“With this opera,” said Giuseppe Verdi, “my artistic career has begun.” He was speaking of Nabucco, the opera about Nebuchadnezzar that set him at the age of 28 in the top rank of operatic composers. Rarely performed now, even in Italy, Nabucco made only a few brief appearances on the Manhattan stage and then disappeared for nearly a century. Back last week as the curtain raiser for the Metropolitan Opera’s 76th season, it proved to be an intriguing if occasionally turgid preview of genius still seeking a proper voice.
Had Nabucco failed at its premiere at La Scala in 1842, chances are that Verdi’s career would have failed with it. His first opera, Oberto, Conte di San Bonifacio, had been only a mild success, and the second, Un Giorno di Regno, had been hissed offstage by the opening-night audience. A year before he started work on Nabucco, Verdi had seen his two children and his wife die within 21 months of one another. Insisting that he would never write another opera, Verdi was drawn to Nabucco in spite of himself. After he reluctantly agreed to read the libretto (by Temistocle Solera, a minor 19th century poet), he found himself writing “one day a verse, the next day another; one time a note, another a phrase, and little by little the opera.” The subject was a natural for mid-igth century Italy: the captivity of the Jews under King Nebuchadnezzar of Babylon, reminiscent to Italian audiences of their own fate under Austrian rule. The third act chorus of chained prisoners, “Va’, pensiero” (“Go, thought, on wings of gold”), became an immediate hit all across Italy.
Stand Up & Sing. Tne music of Nabucco was different from anything the earlier giants of Italian opera—Rossini, Bellini and Donizetti—had ever attempted. The choral writing was stronger, the general style more impassioned. Already Verdi was using his subsequently famous technique of writing sprightly, almost gay tunes for the grimmest situations and somehow getting away with it. Nabucco’s weakness is that it has in its score little dramatic unity and that it tends to bog down in mere declamation (“It’s one of those stand-up-there-and-sing operas,” says Baritone Cornell MacNeil).
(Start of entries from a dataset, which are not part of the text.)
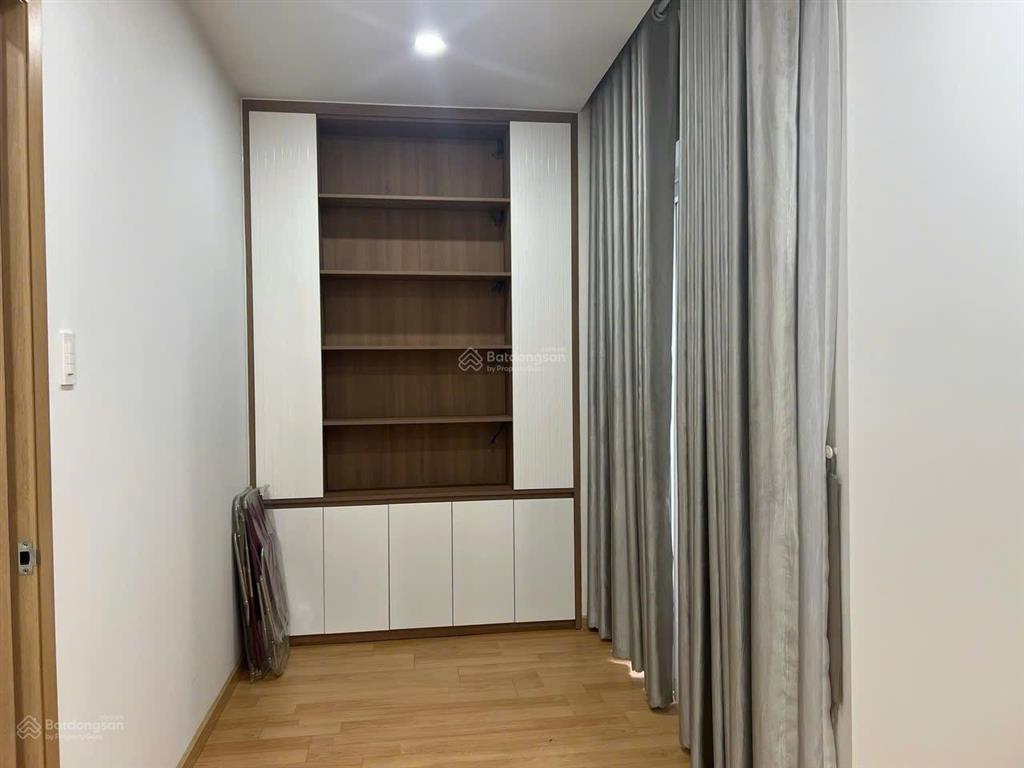 Hot deal. nhà hoàn thiện 5x15m hướng đông nam điện đường trường trạm đủ nhà đẹp 7,5 tỷ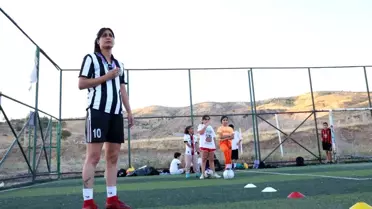 Yağmur Bor: Futbola Tutkulu Bir Kadın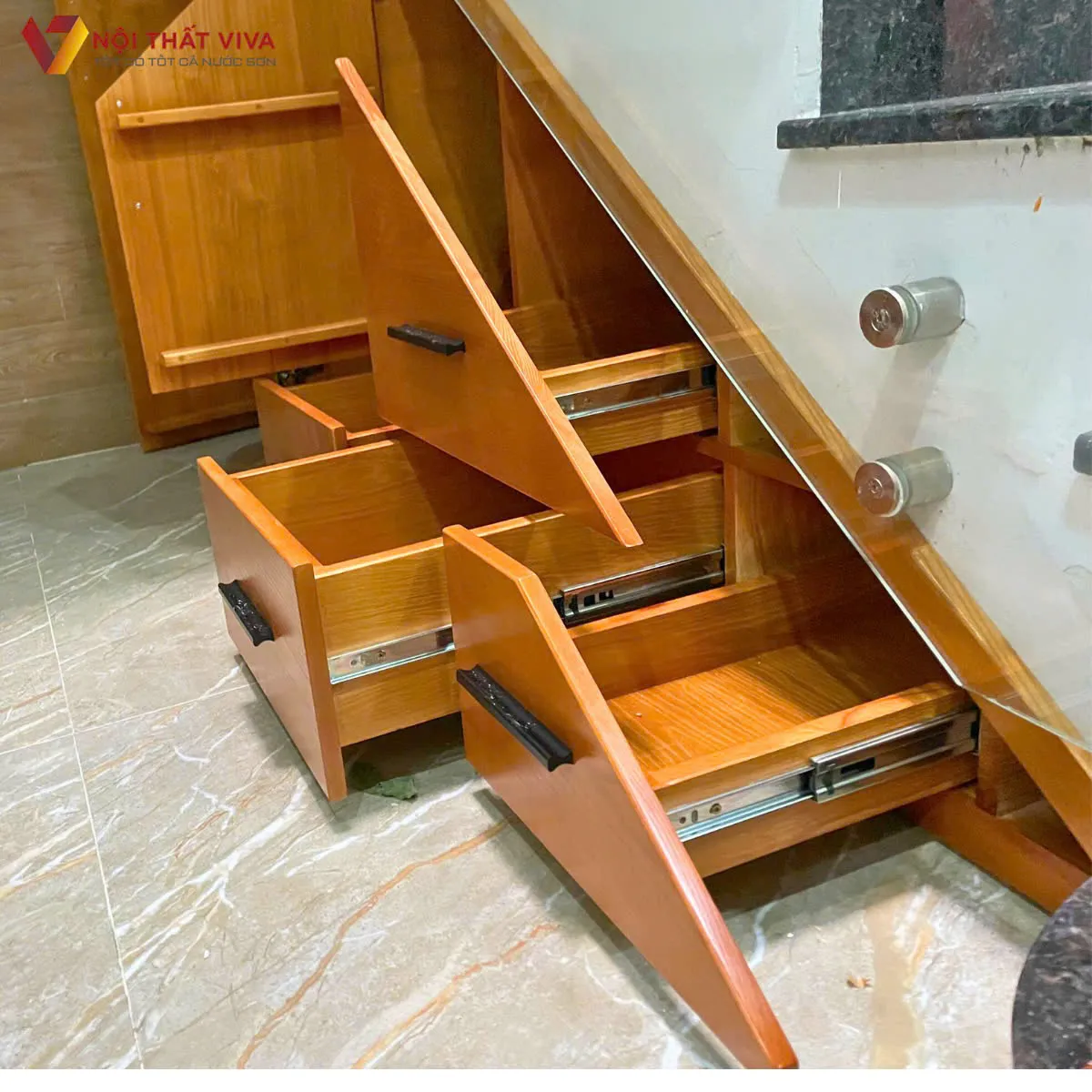 Có nên làm tủ giày dưới gầm cầu thang không? Gợi ý mẫu đẹp nhất hiện nay Có nên làm tủ giày dưới gầm cầu thang không? Gợi ý mẫu đẹp nhất hiện nay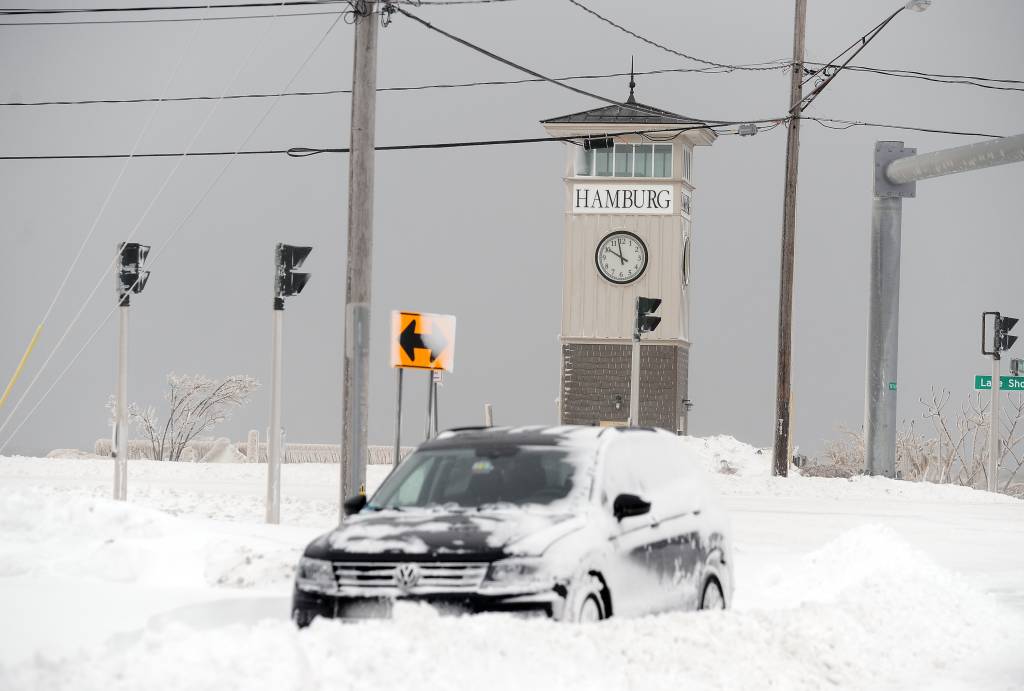 Major Winter Storm Brings Snow, Freezing Temperatures To Big Swath Of U.S. HAMBURG, NY - 24 DE DEZEMBRO: Gelo e neve cobrem um veículo abandonado ao longo da costa do Lago Erie em 24 de dezembro de 2022 em Hamburgo, Nova York. O subúrbio de Buffalo e a área circundante foram duramente atingidos pela tempestade de inverno Elliott, com rajadas de vento de mais de 70 milhas por hora, atingindo casas e empresas durante o fim de semana do feriado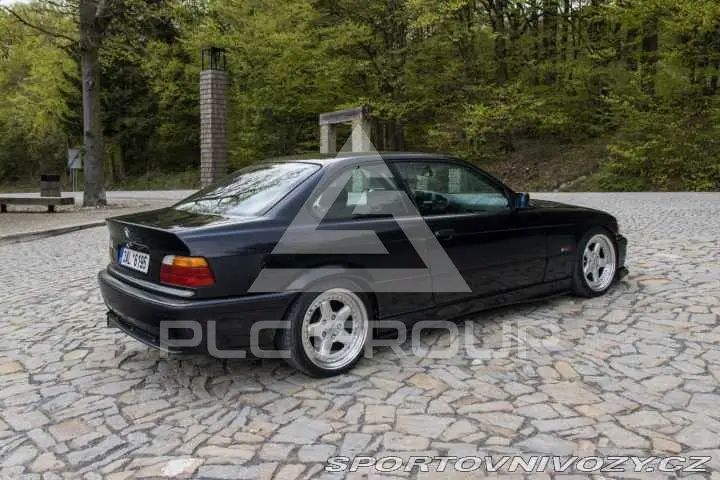 1995 BMW 218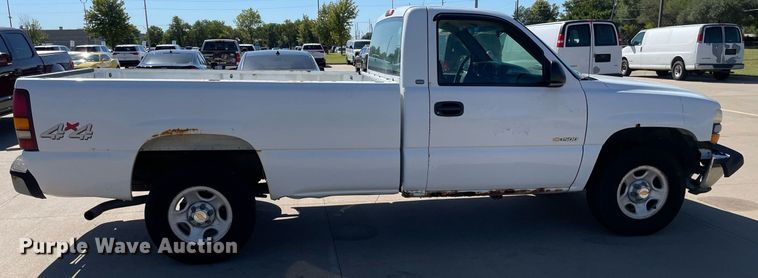image for item NX9866 2000 Chevrolet Silverado 1500  pickup truck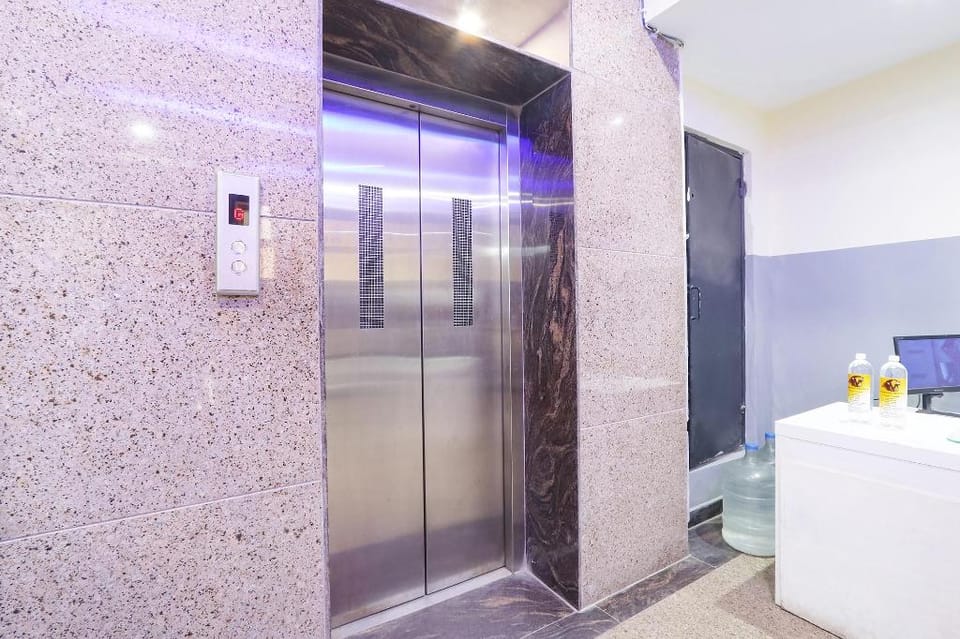 FabHotel Starhood Hotel in Hyderabad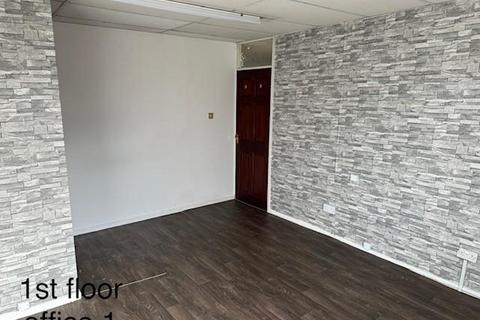 Property to rent, Stamford Street, Stalybridge, SK15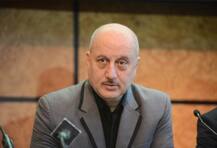 मेट्रो में सफर करने पहुंचे अनुपम खेर ने कर दी ये गलती, सोशल मीडिया पर हो गए ट्रोल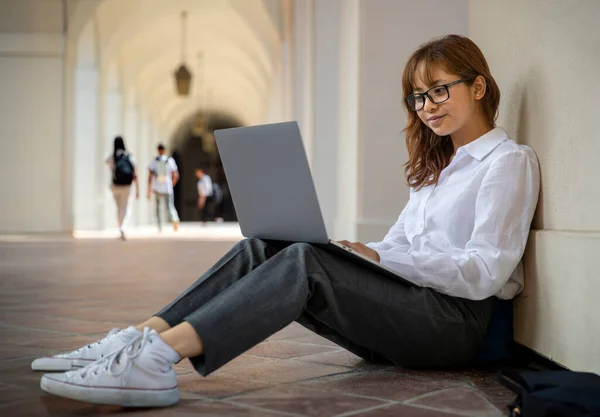 Üniversite Kampüsündeki Üniversite Öğrencisi Koridorda Dizüstü Bilgisayar Kullanıyor — Stok fotoğraf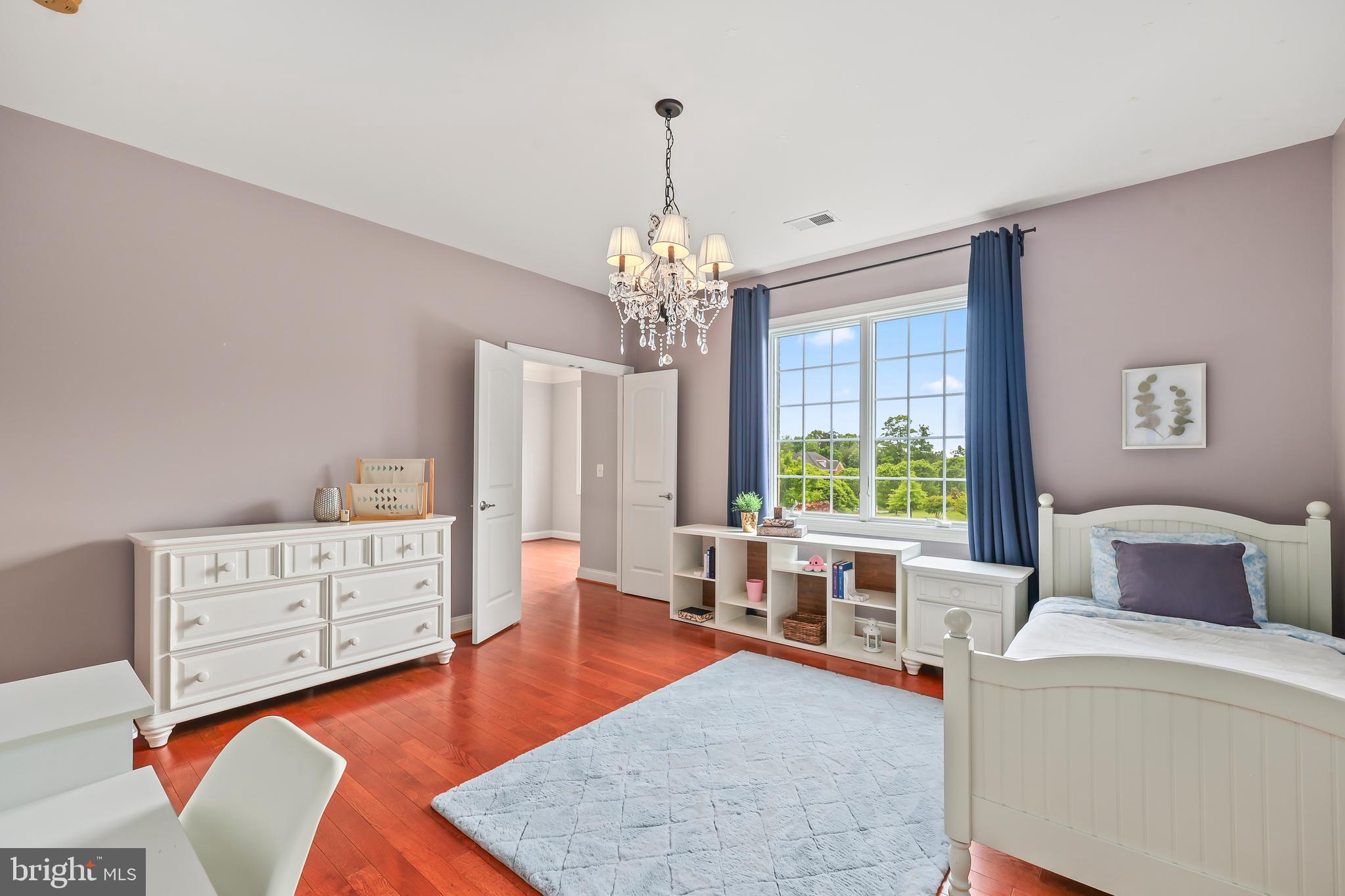 OAK HILL ESTATES - Residential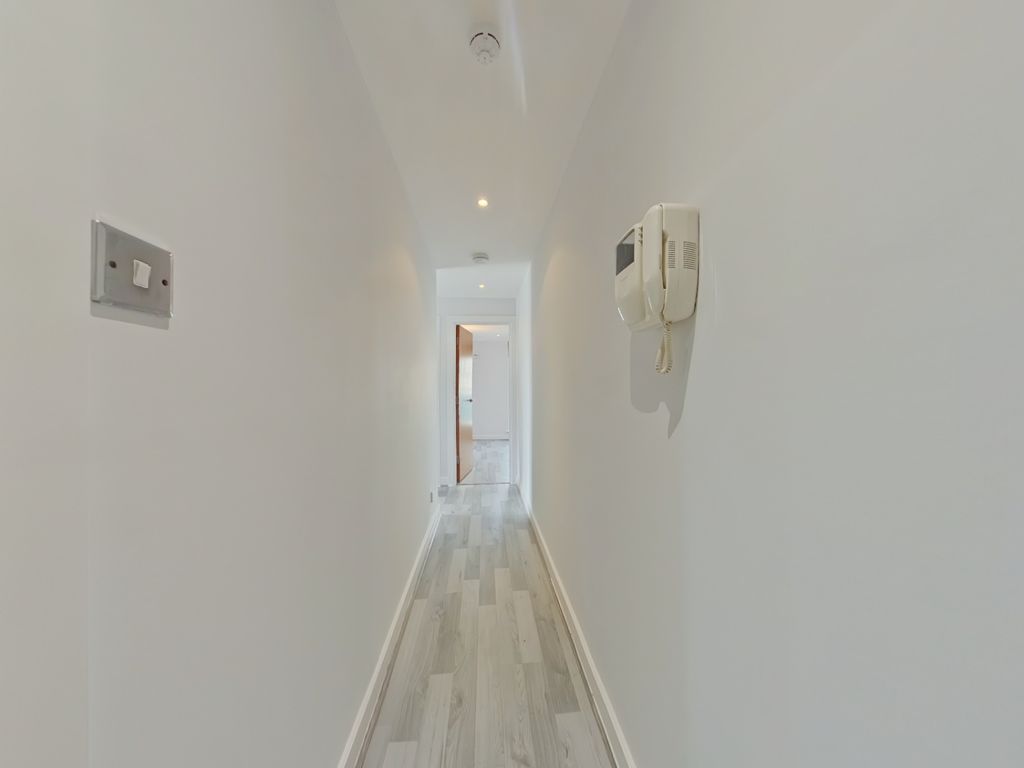 Property photo 3 of 8 Entrance Hall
The Met’s new production did little to improve matters. The singing—by Baritone MacNeil in the title role, Soprano Leonie Rysanek and Mezzo-Soprano Rosalind Elias as the evil and good daughters of the King, Bass Cesare Siepi as a Jewish high priest—was generally good but rarely inspired. Conductor Thomas Schippers (who at 30 is the youngest conductor ever to open a Met season) whipped his orchestra through the score at a soprano-searing pace. The sets by Teo Otto and Wolfgang Roth were contradictory in style: an ornate realistic idol in one scene, a starkly abstract grillwork in another. Although it took in a record $91,482 at the box office, the Met’s new Nabucco was not likely to join vintage Verdi in the regular repertory. One reason was suggested by Arrigo Boito, the great librettist of Verdi’s old age. The music would never be as powerfully appealing, Boito felt, to audiences not bred on Italian soil and breathing Italian air.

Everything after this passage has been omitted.